A preview for art institution and gallery professionals
The 61st International Art Exhibition of La Biennale di Venezia runs from 9 May to 22 November 2026, under the theme In Minor Keys — a framework conceived by Koyo Kouoh, the Swiss-Cameroonian curator who died on 10 May 2025 at the age of 57, weeks before she would have presented it herself.

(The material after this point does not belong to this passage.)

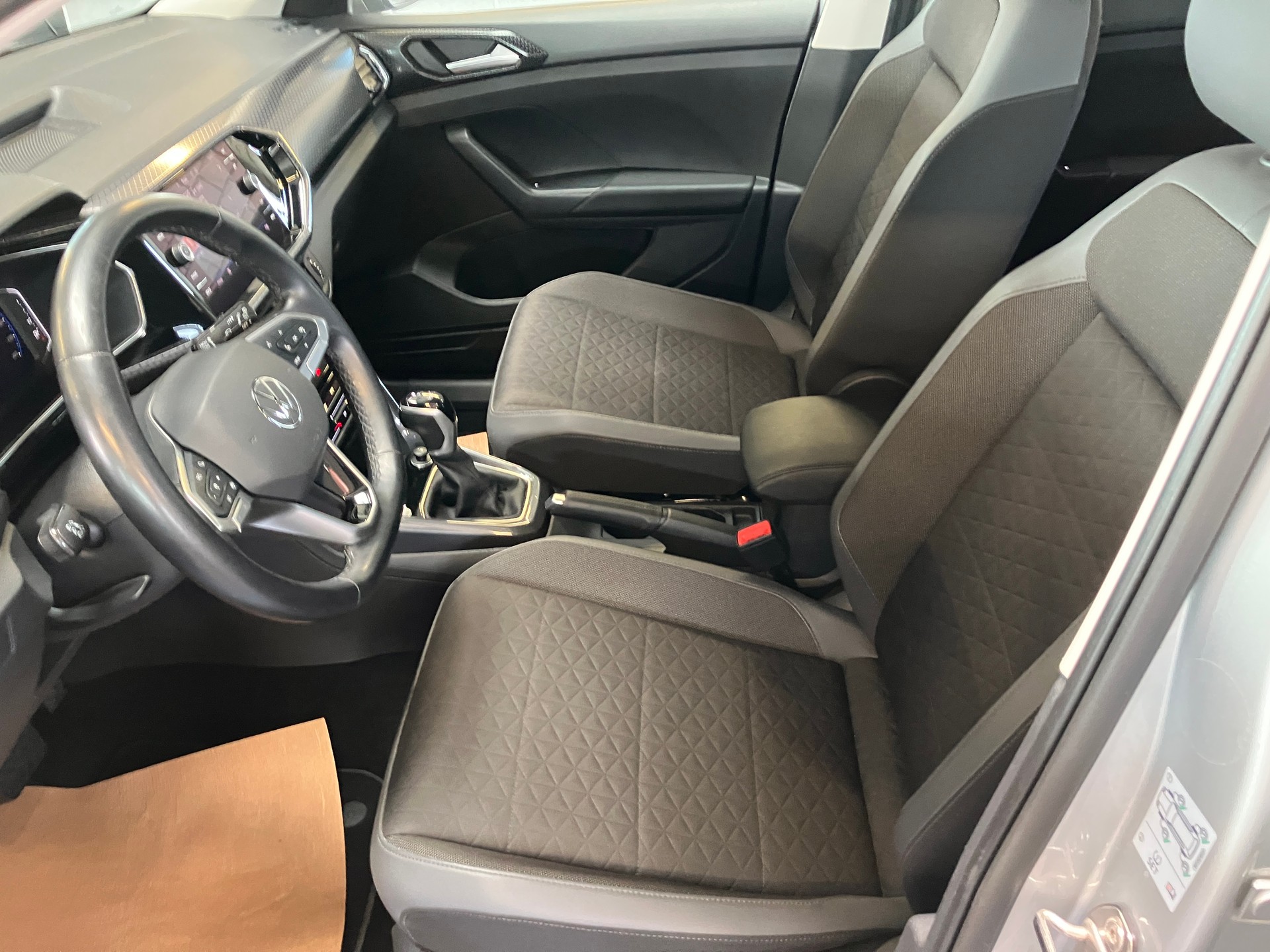 VW T-Cross 1.0 TSI Style DSG-image-10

La Biennale di Venezia's president, Pietrangelo Buttafuoco, confirmed the decision to proceed with Kouoh's vision, saying the institution is "realizing today her exhibition as she designed it, as she imagined it." The exhibition will be carried forward by the five advisors Kouoh personally selected: Gabe Beckhurst Feijoo, Marie Helene Pereira, Rasha Salti, Siddhartha Mitter, and Rory Tsapayi.
Kouoh had served as executive director and chief curator of Zeitz MOCAA in Cape Town and as founding artistic director of RAW Material Company in Dakar. Her appointment made her the first African woman to lead the Venice Art Biennale. She had been working on the theoretical framework, artist selections, spatial design, visual identity, and catalogue contributions before her death.

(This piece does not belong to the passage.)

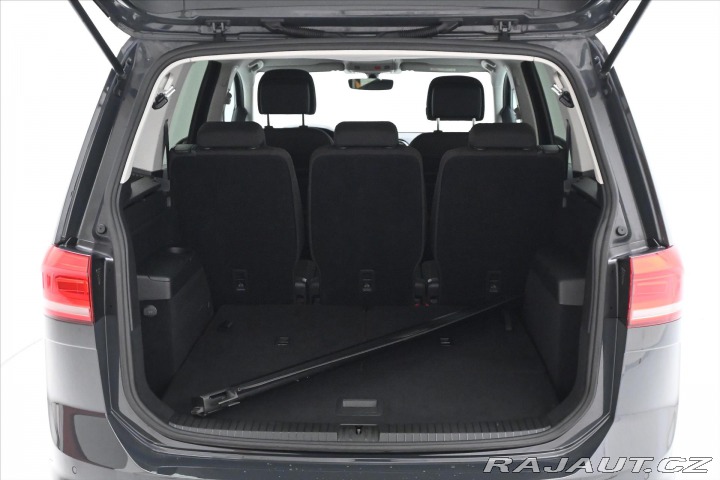 Volkswagen Touran 2,0 TDi 110kW DSG 7míst C 2021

The curatorial position is grounded in "a deep trust in artists as the vital interpreters of the social and psychic condition and catalysts of new relations and possibilities," and explicitly resists the register of crisis commentary. Rather than offering "a litany of commentary on world events," the exhibition proposes what Kouoh described as "a radical reconnection with art's natural habitat and role in society: that is the emotional, the visual, the sensory, the affective, the subjective."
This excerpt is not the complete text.